The Internet often is referred to as a "virtual" world - something in which reality isn't quite real. But it proved to be very much so for two people whose names were in the news last week.
A jury in Los Angeles convicted Lori Drew, the woman accused of using the Internet to inflict extreme emotional stress on a teenager, of a few relatively minor charges in connection with her misbehavior. For weeks in 2006, Drew, her daughter and another teenager allegedly used the World Wide Web to post messages harassing 13-year-old Megan Meier.
On Oct. 16, 2006, Meier received a message on her computer, telling her that the world would be better off without her. She went to the closet in her room and hanged herself.
Also in the headlines last week was the story of a troubled 19-year-old, Abraham Biggs Jr. of Miami. One day last week, Biggs used a Web site for bodybuilders to declare that he intended to commit suicide.
He linked a webcam in his bedroom to another site, allowing those connected to it to watch him kill himself. He took an overdose of pills, stretched out on his bed and, after a few hours, died.

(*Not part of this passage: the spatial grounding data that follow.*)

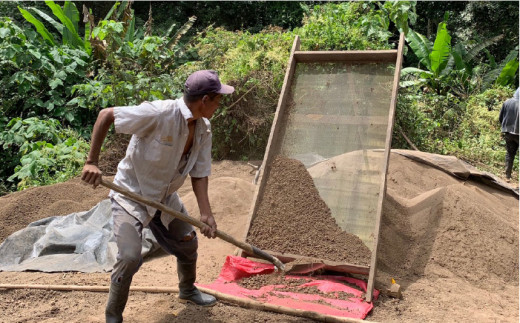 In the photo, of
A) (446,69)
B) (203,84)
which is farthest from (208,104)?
(446,69)

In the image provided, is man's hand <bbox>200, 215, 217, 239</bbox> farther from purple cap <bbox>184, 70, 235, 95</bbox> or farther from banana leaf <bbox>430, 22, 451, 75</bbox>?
banana leaf <bbox>430, 22, 451, 75</bbox>

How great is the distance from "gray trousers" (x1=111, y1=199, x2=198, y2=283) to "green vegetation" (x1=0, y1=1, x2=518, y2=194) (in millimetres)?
4023

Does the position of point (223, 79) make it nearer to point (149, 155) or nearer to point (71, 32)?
point (71, 32)

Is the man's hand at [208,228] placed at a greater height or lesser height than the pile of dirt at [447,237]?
greater

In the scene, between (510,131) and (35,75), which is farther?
(510,131)

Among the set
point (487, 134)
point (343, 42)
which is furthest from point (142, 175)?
point (487, 134)

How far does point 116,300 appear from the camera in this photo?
304cm

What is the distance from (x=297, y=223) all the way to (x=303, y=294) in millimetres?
712

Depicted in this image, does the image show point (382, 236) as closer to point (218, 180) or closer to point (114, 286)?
point (218, 180)

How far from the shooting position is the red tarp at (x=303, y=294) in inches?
144

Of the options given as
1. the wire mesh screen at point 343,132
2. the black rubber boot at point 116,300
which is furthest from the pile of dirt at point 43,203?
the black rubber boot at point 116,300

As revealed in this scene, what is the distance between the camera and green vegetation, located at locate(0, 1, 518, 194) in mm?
7430

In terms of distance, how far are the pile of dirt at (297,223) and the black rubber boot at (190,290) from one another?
33.2 inches

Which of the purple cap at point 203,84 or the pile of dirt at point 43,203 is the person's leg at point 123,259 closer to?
the purple cap at point 203,84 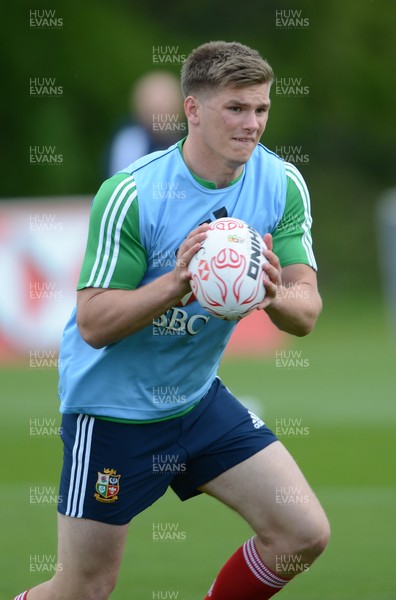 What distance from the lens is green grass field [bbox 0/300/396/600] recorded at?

According to the authorities, a few of those who watched Biggs finally contacted police. By the time they arrived at his home, he was dead.
Most of those who saw his webcast thought Biggs was faking the suicide.

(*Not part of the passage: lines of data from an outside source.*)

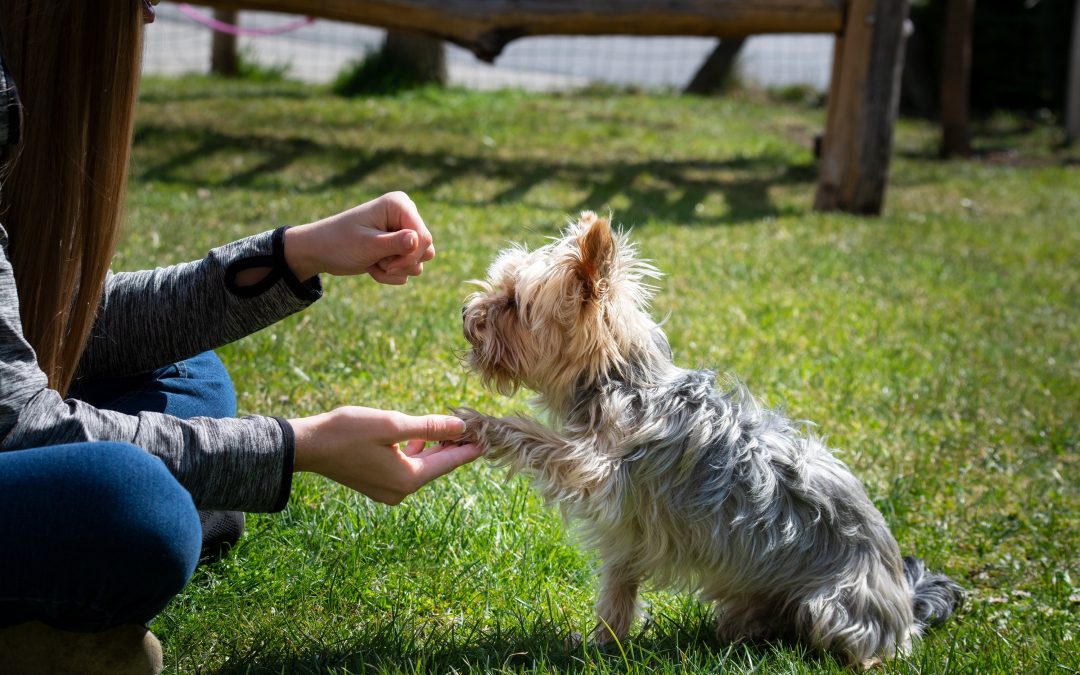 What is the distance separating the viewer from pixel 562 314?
2.72 m

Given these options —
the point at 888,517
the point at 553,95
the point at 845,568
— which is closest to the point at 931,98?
the point at 553,95

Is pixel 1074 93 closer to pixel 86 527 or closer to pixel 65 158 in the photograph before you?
pixel 65 158

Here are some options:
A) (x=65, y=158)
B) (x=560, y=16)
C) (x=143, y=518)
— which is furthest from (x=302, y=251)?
(x=560, y=16)

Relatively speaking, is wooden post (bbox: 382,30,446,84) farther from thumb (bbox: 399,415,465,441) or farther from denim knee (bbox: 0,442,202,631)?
denim knee (bbox: 0,442,202,631)

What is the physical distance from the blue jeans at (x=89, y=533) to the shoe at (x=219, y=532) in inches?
35.6

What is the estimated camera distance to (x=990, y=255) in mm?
8086

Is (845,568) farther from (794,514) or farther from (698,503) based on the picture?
(698,503)

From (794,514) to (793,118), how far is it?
474 inches

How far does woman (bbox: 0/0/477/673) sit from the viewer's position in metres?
1.87

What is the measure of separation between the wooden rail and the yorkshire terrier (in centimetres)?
597

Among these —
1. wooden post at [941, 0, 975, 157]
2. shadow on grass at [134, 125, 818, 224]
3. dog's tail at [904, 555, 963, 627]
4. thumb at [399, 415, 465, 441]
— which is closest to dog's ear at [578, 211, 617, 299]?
thumb at [399, 415, 465, 441]

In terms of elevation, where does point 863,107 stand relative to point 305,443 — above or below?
above

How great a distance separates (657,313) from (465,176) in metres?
3.48

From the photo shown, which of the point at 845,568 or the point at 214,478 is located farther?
the point at 845,568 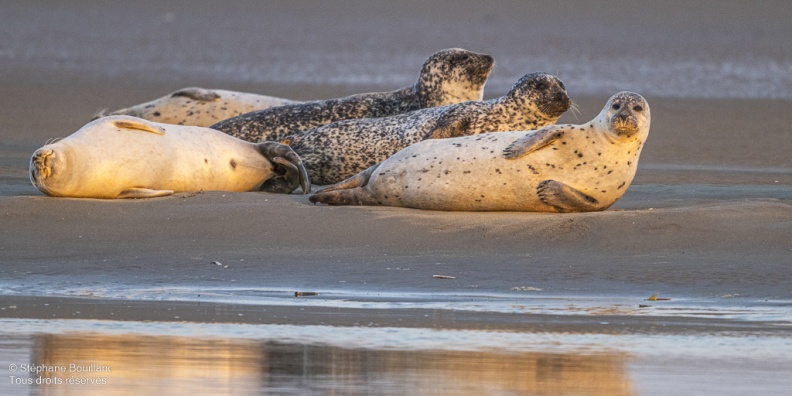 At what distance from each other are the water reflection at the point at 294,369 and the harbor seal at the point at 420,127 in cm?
512

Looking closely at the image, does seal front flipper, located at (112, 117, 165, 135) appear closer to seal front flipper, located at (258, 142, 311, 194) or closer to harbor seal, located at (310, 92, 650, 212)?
seal front flipper, located at (258, 142, 311, 194)

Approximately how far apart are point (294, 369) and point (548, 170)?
3.84m

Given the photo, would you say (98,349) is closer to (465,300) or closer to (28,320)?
(28,320)

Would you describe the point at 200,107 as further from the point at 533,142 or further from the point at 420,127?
the point at 533,142

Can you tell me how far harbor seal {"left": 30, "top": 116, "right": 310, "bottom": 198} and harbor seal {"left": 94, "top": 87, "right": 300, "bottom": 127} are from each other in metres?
3.01

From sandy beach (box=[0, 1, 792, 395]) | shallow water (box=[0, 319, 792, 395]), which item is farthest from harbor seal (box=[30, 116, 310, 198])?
shallow water (box=[0, 319, 792, 395])

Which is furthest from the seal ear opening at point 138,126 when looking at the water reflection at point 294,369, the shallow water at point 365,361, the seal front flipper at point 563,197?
the water reflection at point 294,369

Too many Internet users - especially the young - seem to view the Web as disconnected somehow from reality. In some ways, it is no more than "virtual" - but when misused, it can become a terrible reflection of reality.
Many parents understand how important it is to educate their children regarding the Internet. Those who do not -who assume that nothing really bad can happen on a computer monitor - are wrong. We urge them to help their children understand how blurred the boundary between "virtual" and reality can become.